RM alumna Irene Zhou appreciated the elimination of semester exams while in High School, but no longer supports that change now that she is in college. “I’m not totally for the resulting grade inflation. I think it kind of set up some unrealistic expectations for grades in college, and in retrospect it just seems like MoCo is really trying to sweep some important issues under a rug with this kind of inflation,” Zhou said.

The root cause of the grade inflation Zhou references is the change in MCPS grading policy that the elimination of final exams necessitated. Under the “downward trend” calculation that was in use during late 2015, students’ semester grades were calculated based on the average of both quarters and whether or not the grades reflected a downward trend.

Four alternatives to this system were considered: Numeric (Percent) Average, Quality Point Average, Trend, and an additional “Final Evaluation” Assessment category. Under the percent average plan, final grades would be calculated by averaging marking period percentage grades (MP1 + MP2 / 2). The trend option, on the other hand, was a revised version of the pre-existing downward trend calculation that did not include final exam grades.

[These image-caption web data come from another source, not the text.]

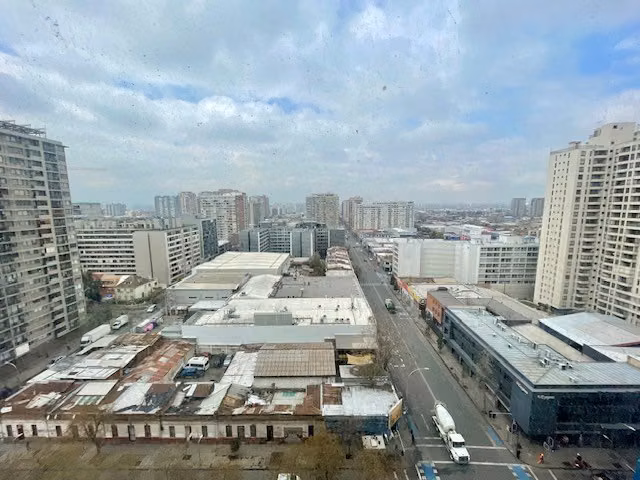 Arriendo departamento 1 dorm. en calle Portugal - Imagen 7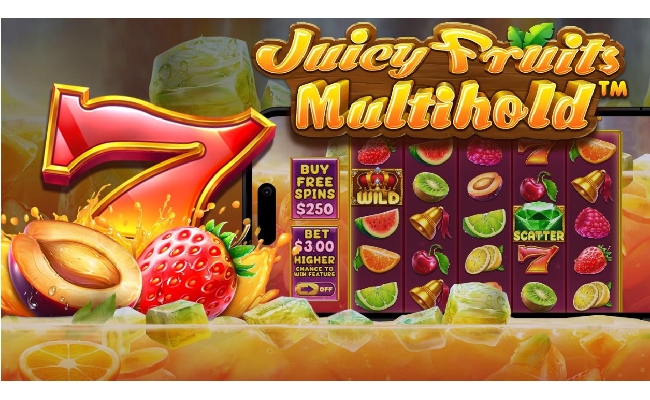 PRAGMATIC PLAY JUICY FRUITS MULTIHOLD IN ESCLUSIVA SU SCOMMETTENDO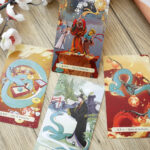 Spiritual Snake Tarot 8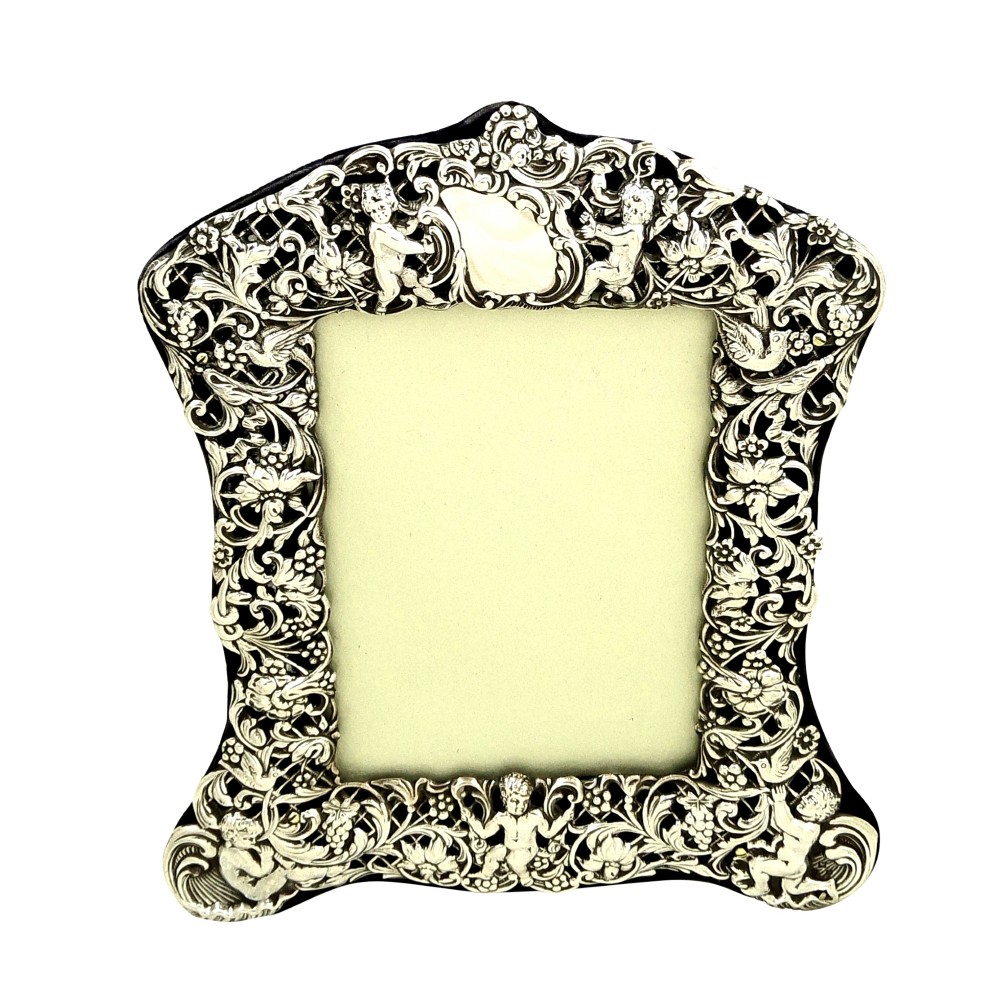 Antique Victorian Sterling Silver 8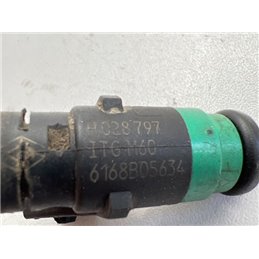 RENAULT LAGUNA II (BG0/1_) Porlasztó (1 db)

Rather than eliminate the final exam category that was weighted at 25 percent, the additional “Final Evaluation” Assessment category option was designed to simply replace the final exam with a teacher-developed “final evaluation” administered in class.

According to an August 8 memorandum from Superintendent Jack Smith to the Board, roughly 300 participants were convened to provide feedback to assess which of the four options resonated most with the MCPS community. These participants included principals, parents, students, and middle and high school teachers, among others. On the whole, most stakeholders felt that the numeric percentage system was overly precise and would precipitate heightened stress and anxiety among students.

Maintaining the letter grade system of A, B, C, D, or E was also widely supported, as was rejecting the downward trend calculation. Rather than punitively assigning semester grades based on the lowest marks a student received during two quarters, stakeholders preferred using a mathematical “quality point” calculation average. This option entailed calculating final grades by averaging quality points (MP1 + MP2 / 2), with an “A” being worth 4 points, a “B” being worth 3 points, and so on and so forth.

Based on this feedback, MCPS revised the semester grading policy for high school courses by implementing the quality “grade point” calculation average. Beginning in the 2016-2017, high school students began experiencing an academic environment in which they had no more mandated exams to stress over and greater ease acquiring higher semester grades.

Under the old downward trend system, a student who earned an A first quarter, a B second quarter, and a C on their semester exam would receive a B. Now, with the elimination of final exams and the implementation of the “grade point” calculation average, the same student would receive an A.

In a message to the MCPS community released on May 10, 2016, MCPS Interim Superintendent of Schools Larry A. Bowers characterized this new grading calculation as one that: “aligns with standards-based approaches to assessment and college expectations and provides a grading structure that is fair, consistent, and understanding for students and parents.”

In light of the recent grade inflation scandal, however, some students and teachers feel as though the quality calculation average may not actually be as fair as Bowers made it out to be in May 2016.

“I feel like our best students at this school really earn their As. But I think that too many of them, who aren’t strong students, get pushed through and I think that – now I’m going to sound old at this point, like an old timer – but I think when we were kids there was a little more rigor and accuracy to it,” art teacher Mr. McDermott said.

RM alumna Isabelle Zhou, who experienced the change in MCPS grading policy in her junior year of high school, feels differently than Mr. McDermott. “I do believe that the policy was within reason but was also definitely a play to increase grade inflation and the ‘looks’ of the overall system to boost our grade and the prestige of system,” Zhou said.